I can feel the stirring in my heart. The moment of perfection, the opening.
This perfection unlike the perfection that I strove for many years ago.
That perfection involved the tightly held hands in fists, stray hair securely gelled to my head kind of perfection. The straight A’s. The body perfectly shaved and waxed and primped and readied. The need to constantly raising the bar higher and higher, without realizing it wasn’t possible to achieve at that magnitude as a mere human being with a body full of needs and heart full of desire.
This perfection is organic, subtle.
Hands in the dirt, rearranging my sweet garden of succulents when the sun passes down right behind the boat yard behind my house. The smile when I notice, again, that the blue boats on stilts always look like a mountain range when the sun ducks behind them. That pleases me to no end, my own personal mountain range in a land that is decidedly flat. This perfection feels like a private joke between us, me and my life. It is the way that I, find the space between other moments, moments of striving or struggle. It is how I soften into loving my life on the whole.
This perfection is about stringing together moments that I am able to truly see myself reflected in – my heart, my dreams, my own peculiarities and predilections. This perfection is highly personal, because each and every one of us blooms in the specificity of what lights us up.
Instead of achievements and external validation, this perfection is a collection of moments well loved.
I aim to be love drenched.
Sweaty and skin warmed from the sun, love drenched is my goal. It is how I want to feel about my partnership, my friendships, my work. I am obsessed with setting up the structures that allow me to love radiantly, deepening into pouring all of myself into what is in front of me without the fear that the love won’t be returned or that I might be thought of as ridiculous.

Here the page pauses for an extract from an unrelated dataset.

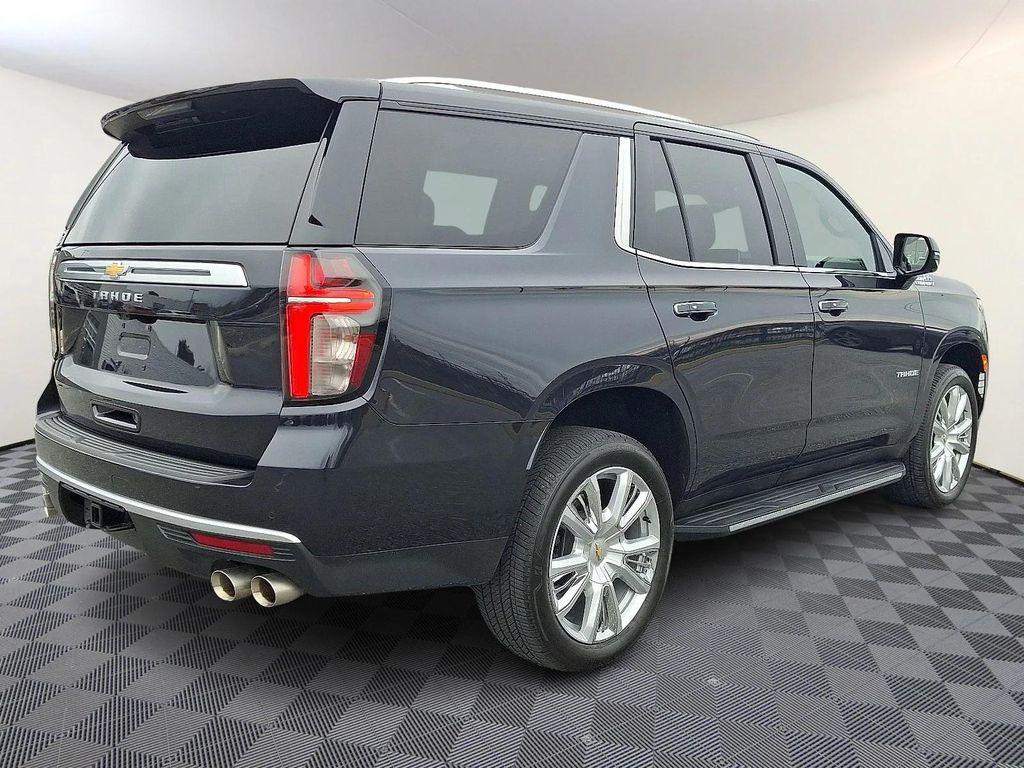 used 2024 Chevrolet Tahoe car, priced at $69,990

We have to be comfortable being thought of as ridiculous – or too much, or not enough.
We have to be fully committed and immersed in what we are building.

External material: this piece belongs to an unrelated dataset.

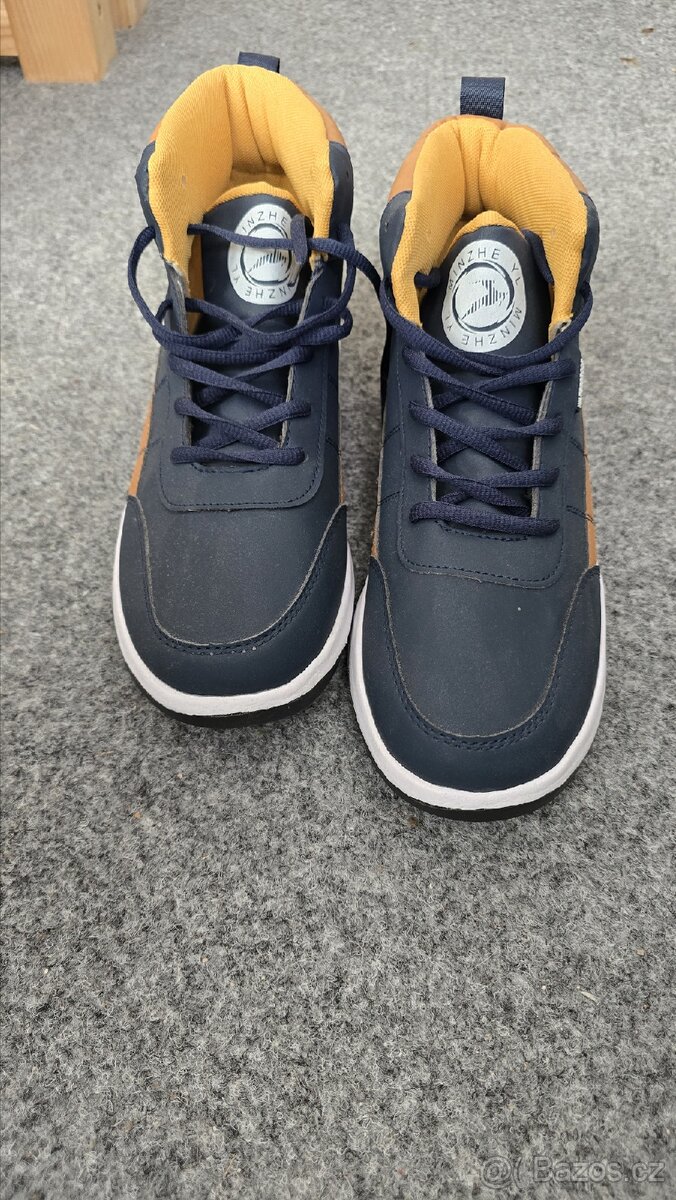 Nove pánské boty vel. 46 - 2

This doesn’t mean that we don’t care about others or that we become self-obsessed, but it does that we don’t allow our love for our lives to get spoiled by trying to micromanage whether or not other people like us. That is not our responsibility. Our responsibility is to ourselves, first, always. We have to love ourselves. Our ability to love – and accept – our worlds are key to building a life that makes you feel ecstatic about living.
The presence of love doesn’t negate adaptation. Acceptance isn’t stagnation.
The key here, for me, is to know that I can love my soft, tender spots, adoring the parts of myself that I am also actively working on. I imagine these parts of myself like the worn out elbows or pulled string in a sweater, worn again and again and again. There is no shame here, in wearing thin in places. There is no shame in this vulnerability.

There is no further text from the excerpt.